I took the original critiques from my first photo thread and applied them to my photography. It helped. Thank you all who offered it. I appreciated that because it helped me to grow as an aspiring photographer. I took comments that were mocking or rude & had no relevance to the question or  photo's I posted and learned from those too- don't take people online TOO seriously. There will always be the third type of person- the negative ninny, the sarcastic sam, the harsh harry (lol) but all you can do is focus on the helpful and positive and forget about the rest. Peanuts is a great help and you were lucky to have her offer you advice, take it and ignore what you want. It's up to you to decide what is worth applying to your photography.


----------



## vtf (May 12, 2011)

Anyone who lurks on this forum for any amount of time should understand the dynamics that go on and expect what could be coming. You're not the first and won't be the last. Learn and adapt and this forum can help, but it's like changing schools,* you* have to adapt to it not the other way around.
Good Luck.


----------



## Geaux (May 12, 2011)

mc1979 said:


> I just love it when I see good pics with with  the D3000! This is what I have, my first DSLR. What lens were you using  if you don't mind me asking?



These were taken exclusively with the 35mm 1.8, amazing little lense for little cost (compared to others) and Thank you 




lyonsroar said:


> I think Geaux would like to know which blogs specifically so he can pursue legal action...



lol


----------



## gsgary (May 12, 2011)

quickphotography78 said:


> How do you know he was talking about mine he made a reference to the brick wall.  I knew mine were not the best didn't expect the best comments but after following this forum I see not many people have much nice to say. I was trying to prove a point that no matter if  it is a professional shot or not you all have something negative to say,why is that?   I have seen good and bad on here but it is the same people that have nothing nice to say. I know weddings are fast paced so as i said first one no training no experience. I have been told not inspiring I knew that but I see a lot of basic shot or poses that get praise on here how is that inspiring??  As for geaux I see those shots on every photography blog that I have looked at nothing new but at least they are smiling, i'm not knocking it.  I think not matter what I post it comes out bad even though there are some good ones on here where there are actual suggestions on what to fix but not like this post


 
Reading between the lines your attitude could have had something to do with the way the shoot went, i don't alway have negative things to say if you look i have over 500 like so i can't be that bad i have helped quite a few people on here


----------



## RauschPhotography (May 12, 2011)

gsgary said:


> Reading between the lines your attitude could have had something to do with the way the shoot went, i don't alway have negative things to say if you look i have over 500 like so i can't be that bad i have helped quite a few people on here



Personally, I can say that your advice has helped me in the past.

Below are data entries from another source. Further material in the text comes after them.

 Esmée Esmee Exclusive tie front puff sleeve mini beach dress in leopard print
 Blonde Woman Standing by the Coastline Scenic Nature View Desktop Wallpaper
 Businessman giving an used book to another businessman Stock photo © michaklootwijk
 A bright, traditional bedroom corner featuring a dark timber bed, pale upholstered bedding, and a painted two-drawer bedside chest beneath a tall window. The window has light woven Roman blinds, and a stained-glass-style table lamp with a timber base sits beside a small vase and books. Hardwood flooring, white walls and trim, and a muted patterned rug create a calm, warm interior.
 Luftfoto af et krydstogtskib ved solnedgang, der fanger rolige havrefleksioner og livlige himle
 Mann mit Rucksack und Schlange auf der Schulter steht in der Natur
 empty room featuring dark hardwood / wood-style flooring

On another note.. Anyone else having a sense of deja vu in this thread?


----------



## gsgary (May 12, 2011)

RauschPhotography said:


> gsgary said:
> 
> 
> > Reading between the lines your attitude could have had something to do with the way the shoot went, i don't alway have negative things to say if you look i have over 500 like so i can't be that bad i have helped quite a few people on here
> ...


 
Thats because your beyond helping


----------



## Peanuts (May 12, 2011)

gsgary said:


> Thats because your beyond helping


 

That's*
You're*
 (I'm kidding. Don't reread my posts. I don't proofread. Heh)


----------



## RauschPhotography (May 12, 2011)

gsgary said:


> Thats because your beyond helping


 
:lmao:


----------



## Bitter Jeweler (May 12, 2011)

gsgary said:


> if you look i have over 500 like so i can't be that bad i have helped quite a few people on here


I looked, and you only have 68 likes.





 You haved liked only 10.


----------



## mishele (May 12, 2011)

He must of thought he was you Bitter?! :er:


----------



## mrpink (May 12, 2011)

RauschPhotography said:


> On another note.. Anyone else having a sense of deja vu in this thread?


 
deja vu, in general, is realizing or sensing that something has happened once before- this seems to happen on a weekly basis here so it is just annoying.

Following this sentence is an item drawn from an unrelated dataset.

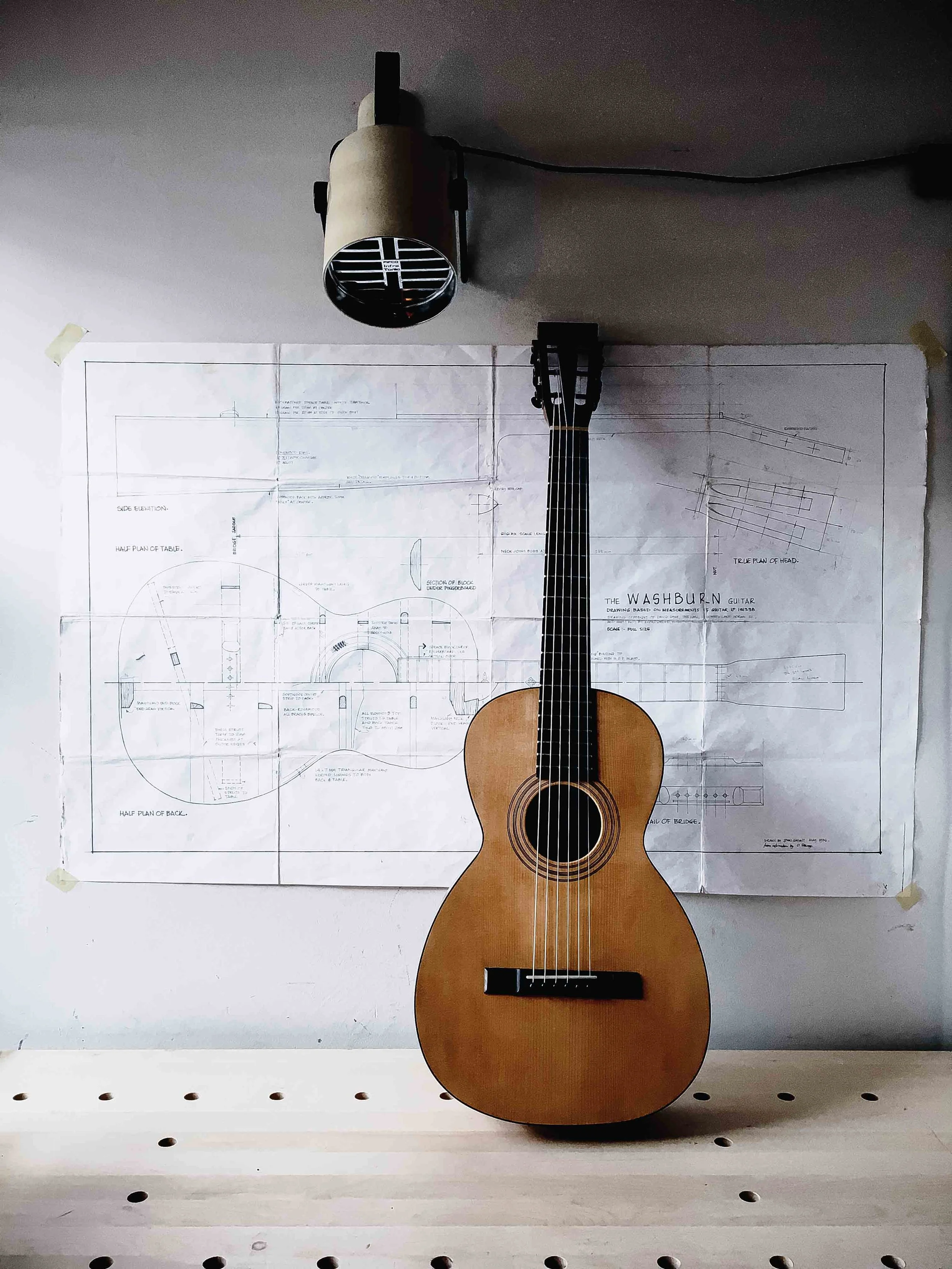 An electric guitar is mounted on a wall with architectural blueprints behind it. The blueprints are taped to the wall and feature detailed drawings and notes for building a guitar, titled 'The Washburn Guitar'. The guitar has a natural wood finish, six strings, and a black bridge and tuning pegs.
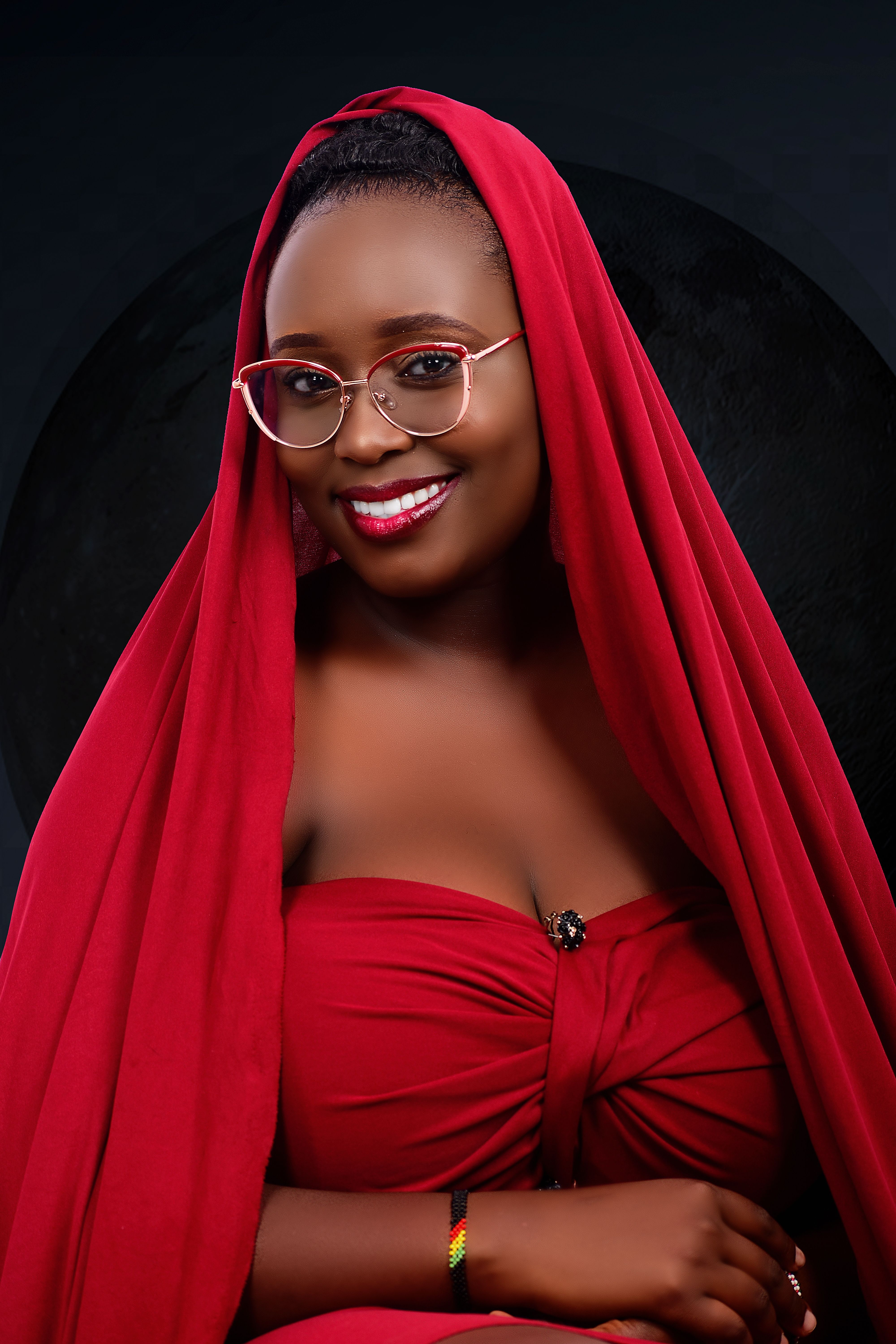 Charming portrait of a woman in a red outfit and glasses, smiling confidently.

OP.  Let this thread die, keep shooting and learning. After one year has pasted, go back and look at this thread again- you will nod your head in agreement to almost everything that has been posted here.





p!nK


----------



## Aye-non Oh-non Imus (May 12, 2011)

quickphotography78 said:


> Let me know what you think these photos from a wedding I did, which I did for free. 3 and 4 are close they wanted amusement park in photo also.


 


quickphotography78 said:


> I wanted to know what I could do better according you what people thought on here. I wasn't asked to be just told how bad they are I am sure there could of just been suggestions instead of these are awful.


 
You basically asked for C&C. This is an open door poilicy. In essence, you can't have your cake and it too. Well, I take that back. Some people will string you along with compliments. Take this session as a learning experience for you, not the happy B&G.

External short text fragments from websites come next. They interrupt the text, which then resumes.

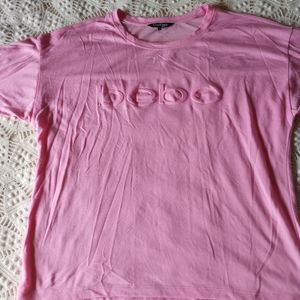 Light pink bebe workout top mesh back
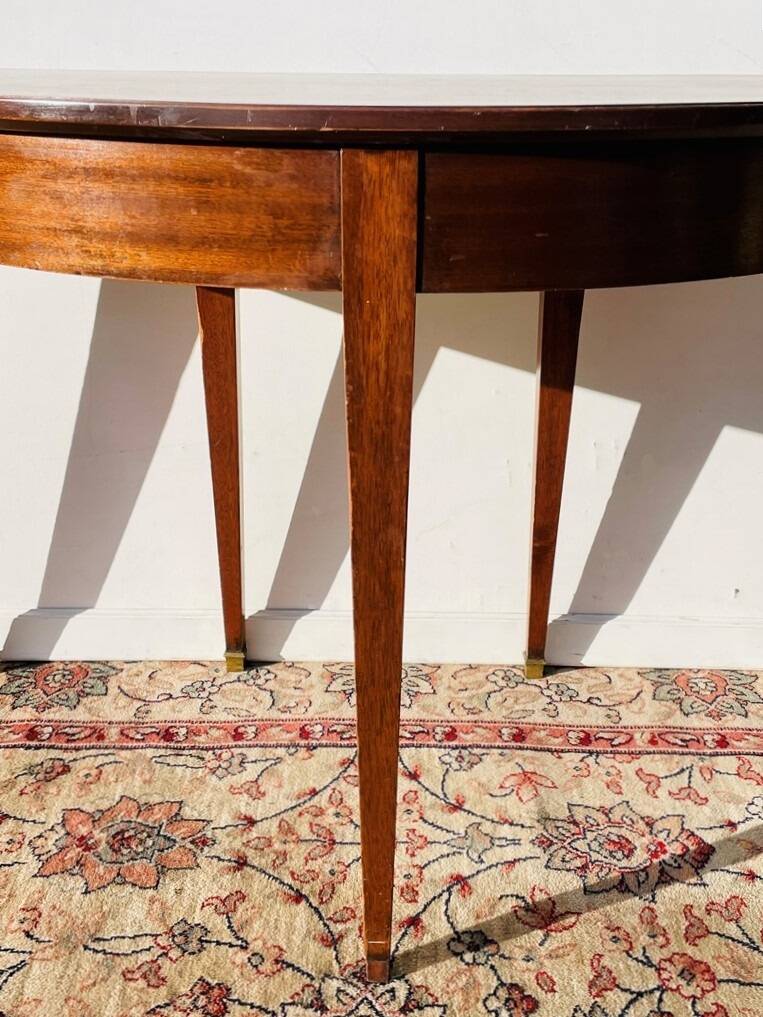Empire-style demi-lune console from the 19th century.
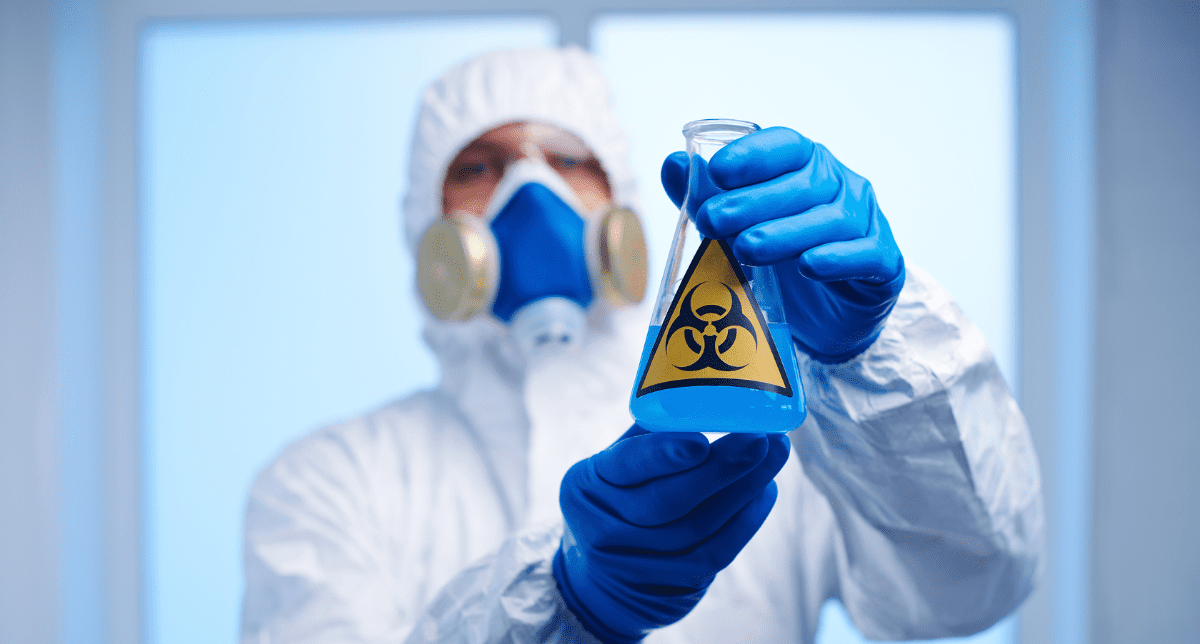Adherent (formerly Compliance & Risks). scientist holding toxic substance- concept for Regulatory Developments on Hazardous Substances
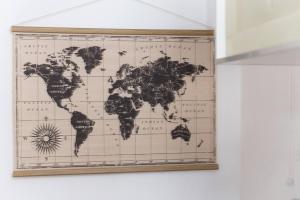 a map of the world hanging on a wall at Magnifique studio la villette avec parking in Aubervilliers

Surely there is another two pages to read beyond post #25, but I'm not bothered at this point. It's most likely to be redundant information.


----------



## lyonsroar (May 12, 2011)

She/ he is gone.  We scared off another one I'm afraid...


----------



## vtf (May 12, 2011)

lyonsroar said:


> She/ he is gone. We scared off another one I'm afraid...


----------



## thierry (May 12, 2011)

very cute couple


----------



## Ryan L (May 12, 2011)

thierry said:


> very cute couple



the soft and fuzzy


----------



## AtuspidsGoddess (May 12, 2011)

I'm just going to say...most people who take offense and think people are being rude on these forums are NEW to forums in general...when you get the hang of forum language...you'll start to realize that all this "rudeness" is daily hum drum.  With that being said, I do have to say though that just from reading the OP's posts, you seem really defensive...just saying...to be quite frank, I've seen people get roasted a lot quicker than you while posting better pictures..and it took about six posts from forum members before anyone said anything worth you getting heated about...actually the first person I sensed "attitude" from was you, not the members of this forum. *shrugs*  I guess if you have been reading around here, you'd see that the manner in which critique is given is the same across the board.  If you really want to improve, you need to understand that none of us here know you, care about you in real life, and will likely not worry about hurting your feelings...in reality, that's the way of the web, we get to disconnect ourselves emotionally from the other people on here and the truth, nice or not, is spoken more freely.  Photography, like any form of art is all personal preference and perspective with a few general rules of thumb thrown in...you take what ideas, suggestions, and comments on here that you like to get your skills where you want them to be and leave the rest.

Take a step back, look at what you don't like in your photos, and improve on that.  If you ask others to tell you what THEY think of your photos, that's what you're going to get...what THEY think.  Like one of the other members here likes to end each of his C&C comments with, it's all just our two cents, the mileage you take with it is yours.


----------



## fokker (May 13, 2011)

thierry said:


> very cute couple


----------



## gsgary (May 13, 2011)

Bitter Jeweler said:


> gsgary said:
> 
> 
> > if you look i have over 500 like so i can't be that bad i have helped quite a few people on here
> ...



Don't know what i was looking at :er:


----------



## Dani41780 (May 13, 2011)

I am not a pro, but I heard something a while ago that I'd like to throw out there. 
YOU SHOULD be a back up photographer for weddings for a while before you ever SHOOT One by yourself.
They might like them now but one day they will feel sad that they didn't spend the money for real photos.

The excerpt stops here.